▶ **What this task involves**: Reproduce nothing beyond the line containing "Ladies' Watch Festina F20420/1". From the first line of the data below down to it, copy each line exactly, without the pictures.

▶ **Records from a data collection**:
#####

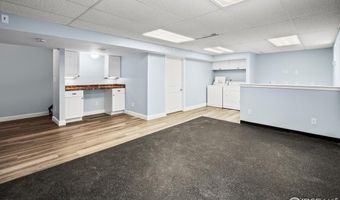 7414 Benton St, Arvada, CO 80003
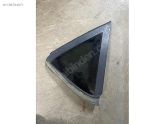 Oto Çıkma Parça / Ford / Fiesta / Oto Cam / Kelebek Camı / Çıkma Parça 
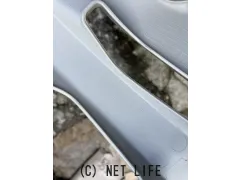 ホイール ホンダ　純正　ホイール　キャップ　2枚セット　16インチ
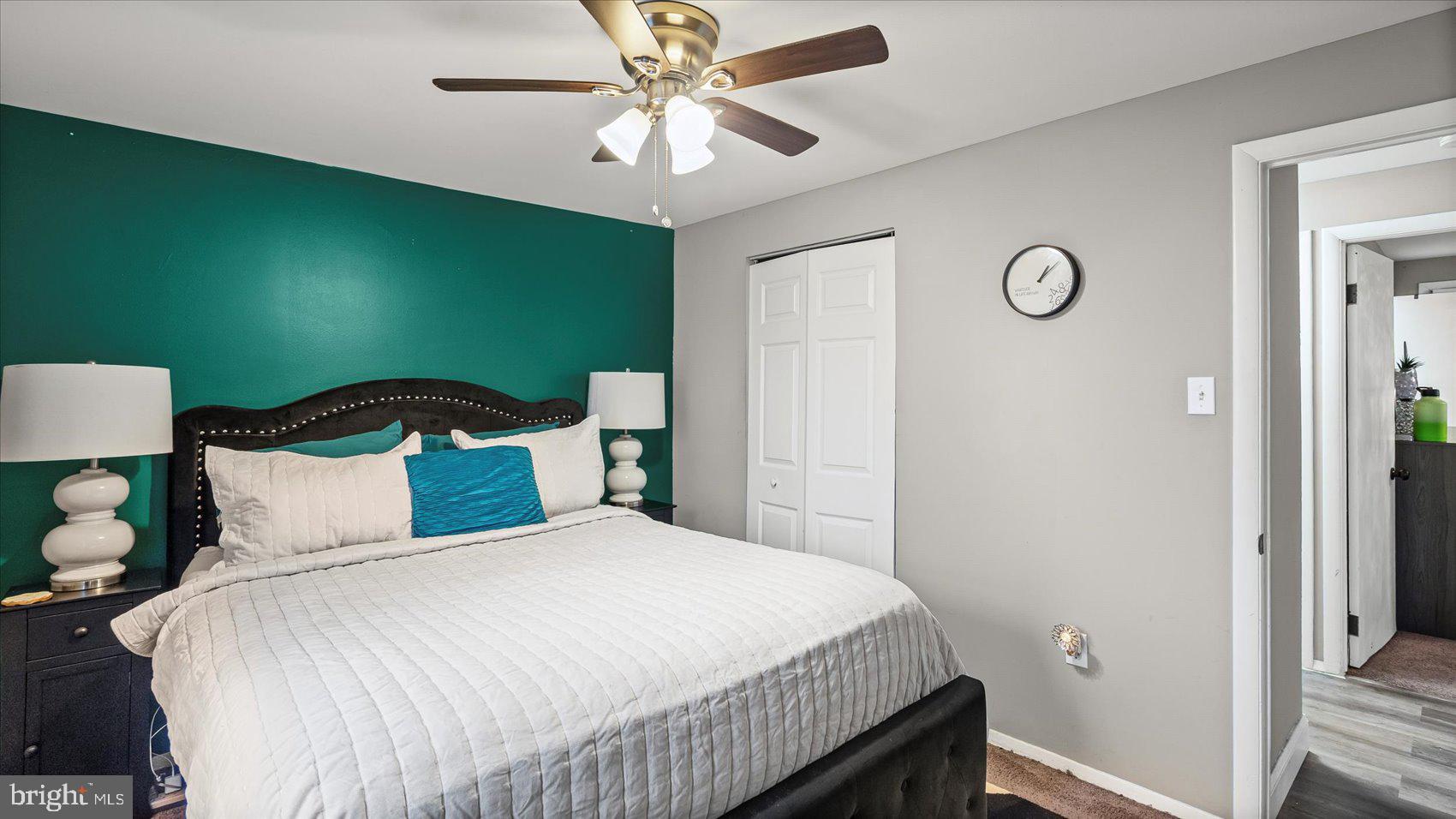 CHARTWELL - Residential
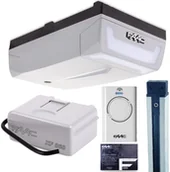 Zestawy do bram - Zestaw FAAC D1000 do bram garażowych - miniaturka - grafika 1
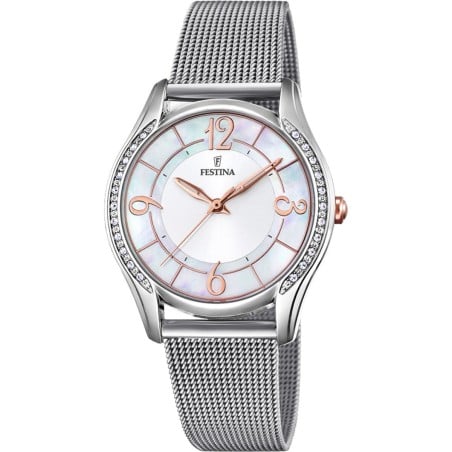 Ladies' Watch Festina F20420/1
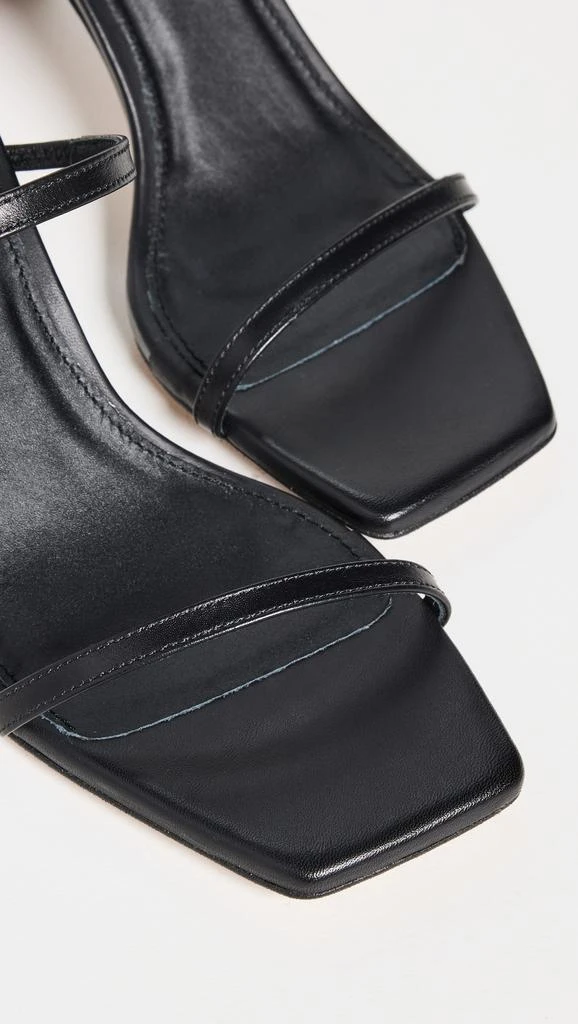 ALOHAS Cannes Sandals 5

#####

▶ **Solution to this problem**:
 7414 Benton St, Arvada, CO 80003
 Oto Çıkma Parça / Ford / Fiesta / Oto Cam / Kelebek Camı / Çıkma Parça 
 ホイール ホンダ　純正　ホイール　キャップ　2枚セット　16インチ
 CHARTWELL - Residential
 Zestawy do bram - Zestaw FAAC D1000 do bram garażowych - miniaturka - grafika 1
 Ladies' Watch Festina F20420/1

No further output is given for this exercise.